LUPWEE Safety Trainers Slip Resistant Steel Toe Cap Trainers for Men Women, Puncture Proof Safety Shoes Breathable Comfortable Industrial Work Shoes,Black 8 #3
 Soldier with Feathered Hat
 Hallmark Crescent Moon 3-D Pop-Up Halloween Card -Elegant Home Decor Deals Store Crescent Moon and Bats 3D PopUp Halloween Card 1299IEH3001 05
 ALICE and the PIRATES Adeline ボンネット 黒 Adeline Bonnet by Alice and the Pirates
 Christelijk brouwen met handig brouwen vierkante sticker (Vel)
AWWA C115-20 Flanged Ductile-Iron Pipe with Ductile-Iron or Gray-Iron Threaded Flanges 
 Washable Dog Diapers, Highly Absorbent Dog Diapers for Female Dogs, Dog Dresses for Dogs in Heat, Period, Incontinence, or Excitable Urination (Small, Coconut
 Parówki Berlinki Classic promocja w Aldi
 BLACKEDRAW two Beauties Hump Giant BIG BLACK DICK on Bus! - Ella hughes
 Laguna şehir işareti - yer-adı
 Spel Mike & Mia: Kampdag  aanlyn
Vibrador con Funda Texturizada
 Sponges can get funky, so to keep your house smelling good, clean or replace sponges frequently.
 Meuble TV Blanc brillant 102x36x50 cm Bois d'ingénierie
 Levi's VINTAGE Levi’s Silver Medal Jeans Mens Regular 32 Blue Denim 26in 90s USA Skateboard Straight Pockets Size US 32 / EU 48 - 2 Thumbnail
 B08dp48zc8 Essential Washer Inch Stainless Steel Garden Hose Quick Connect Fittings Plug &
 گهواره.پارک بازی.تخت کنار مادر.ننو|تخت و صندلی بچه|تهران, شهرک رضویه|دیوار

● INSTRUCTIONS TO FOLLOW:
Scan the entries for the word "with". Report each line that has it.

● SOLUTION FOR THIS PROBLEM:
 Soldier with Feathered Hat
AWWA C115-20 Flanged Ductile-Iron Pipe with Ductile-Iron or Gray-Iron Threaded Flanges 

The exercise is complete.